Leverage metrics provided by ZDM Proxy
This topic provides detailed information about the metrics captured by ZDM Proxy and explains how to interpret the metrics.
Benefits
ZDM Proxy gathers a large number of metrics, which allows you to gain deep insights into how it is operating with regard to its communication with client applications and clusters, as well as its request handling.
Having visibility on all aspects of ZDM Proxy’s behavior is extremely important in the context of a migration of critical client applications, and is a great help in building confidence in the process and troubleshooting any issues. For this reason, we strongly encourage you to monitor ZDM Proxy, either by deploying the self-contained monitoring stack provided by ZDM Proxy Automation or by importing the pre-built Grafana dashboards in your own monitoring infrastructure.
Retrieving the ZDM Proxy metrics
ZDM Proxy exposes an HTTP endpoint that returns metrics in the Prometheus format.
ZDM Proxy Automation can deploy Prometheus and Grafana, configuring them automatically, as explained here. The Grafana dashboards are ready to go with metrics that are being scraped from the ZDM Proxy instances.
If you already have a Grafana deployment then you can import the dashboards from the two ZDM dashboard files from this ZDM Proxy Automation GitHub location.

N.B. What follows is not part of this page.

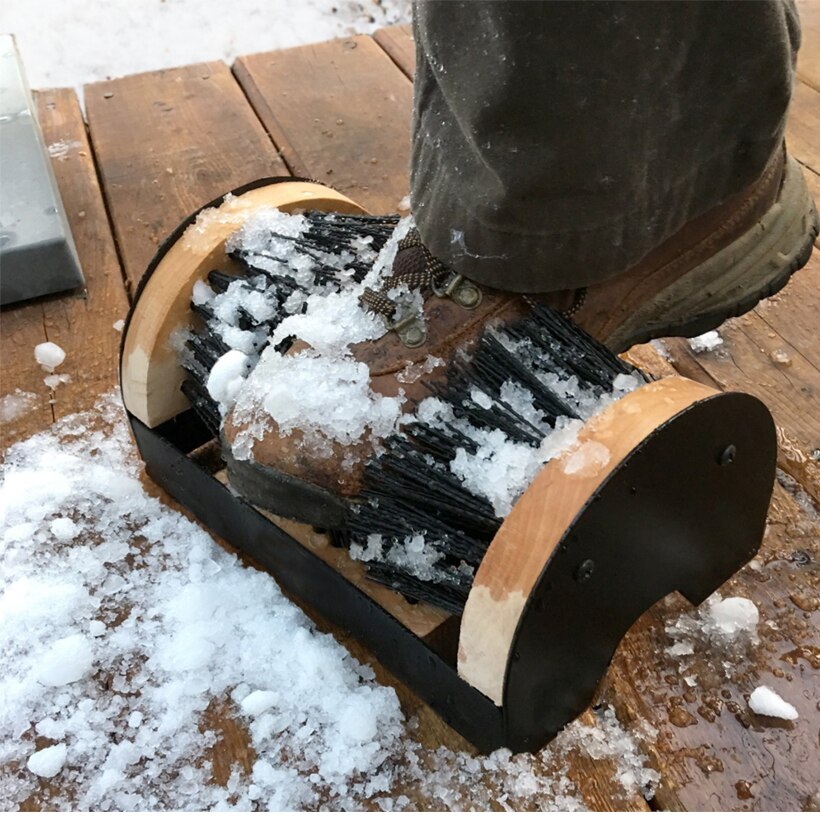 Boot Scrubber Cleaner Shoe Brush - Mountable Boot Scrubber Buffer for Boots, Shoes, Sneakers - Indoor/Outdoor Boot Scraper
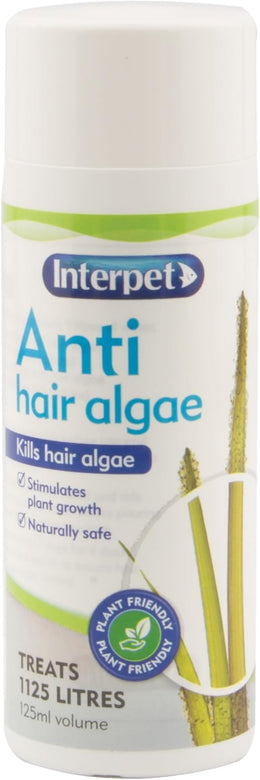 Interpet Anti Hair Algae Aquarium Fish Tank Water Treatments, Kills Green Black & Brown Hair Algae, 125 ml, Treats 1125 Litres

Grafana dashboard for ZDM Proxy metrics
There are three groups of metrics in this dashboard:
-
Proxy level metrics
-
Node level metrics
-
Asynchronous read requests metrics

Proxy-level metrics
-
Latency
-
Read Latency: Total latency measured by ZDM Proxy per read request, including post-processing, such as response aggregation. This metric has two labels:
reads_origin
andreads_target
. The label that has data depends on which cluster is receiving the reads, which is the current primary cluster. -
Write Latency: Total latency measured by ZDM Proxy per write request, including post-processing, such as response aggregation. This metric is measured as the total latency across both clusters for a single bifurcated write request.
-
-
Throughput (same structure as the previous latency metrics):
-
Read Throughput
-
Write Throughput
-
-
In-flight requests
-
Number of client connections
-
Prepared Statement cache:
-
Cache Misses: meaning, a prepared statement was sent to ZDM Proxy, but it wasn’t on its cache, so the proxy returned an
UNPREPARED
response to make the driver send thePREPARE
request again. -
Number of cached prepared statements.
-
-
Request Failure Rates: the number of request failures per interval. You can set the interval in the
Error Rate interval
dashboard variable at the top.-
Connect Failure Rate: one
cluster
label with two settings,origin
andtarget
, which represent the cluster to which the connection attempt failed. -
Read Failure Rate: one
cluster
label with two settings,origin
andtarget
. The label that contains data depends on which cluster is currently considered the primary, the same as the latency and throughput metrics explained above. -
Write Failure Rate: one
failed_on
label with three settings,origin
,target
, andboth
.-
failed_on=origin
: the write request failed on the origin only. -
failed_on=target
: the write request failed on the target only. -
failed_on=both
: the write request failed on both the origin and target clusters.
-
-
-
Request Failure Counters: Number of total request failures (resets when the ZDM Proxy instance is restarted)
-
Connect Failure Counters: the same labels as the connect failure rate.
-
Read Failure Counters: the same labels as the read failure rate.
-
Write Failure Counters: the same labels as the write failure rate.
-
To see error metrics by error type, see the node-level error metrics on the next section.
Node-level metrics
-
Latency: Node-level latency metrics report combined read and write latency per cluster, not per request. For latency by request type, see Proxy-level metrics.
-
Origin: Latency, as measured by ZDM Proxy, up to the point that it received a response from the origin connection.
-
Target: latency, as measured by ZDM Proxy, up to the point it received a response from the target connection.
-
-
Throughput: same as node level latency metrics, reads and writes are mixed together.
-
Number of connections per origin node and per target node.
-
Number of Used Stream Ids:
-
Tracks the total number of used stream ids ("request ids") per connection type (
Origin
,Target
, andAsync
).
-
-
Number of errors per error type per origin node and per target node. Possible values for the
error
type label:-
error=client_timeout
-
error=read_failure
-
error=read_timeout
-
error=write_failure
-
error=write_timeout
-
error=overloaded
-
error=unavailable
-
error=unprepared
-
Asynchronous read requests metrics
These metrics are only recorded if you enable asynchronous dual reads.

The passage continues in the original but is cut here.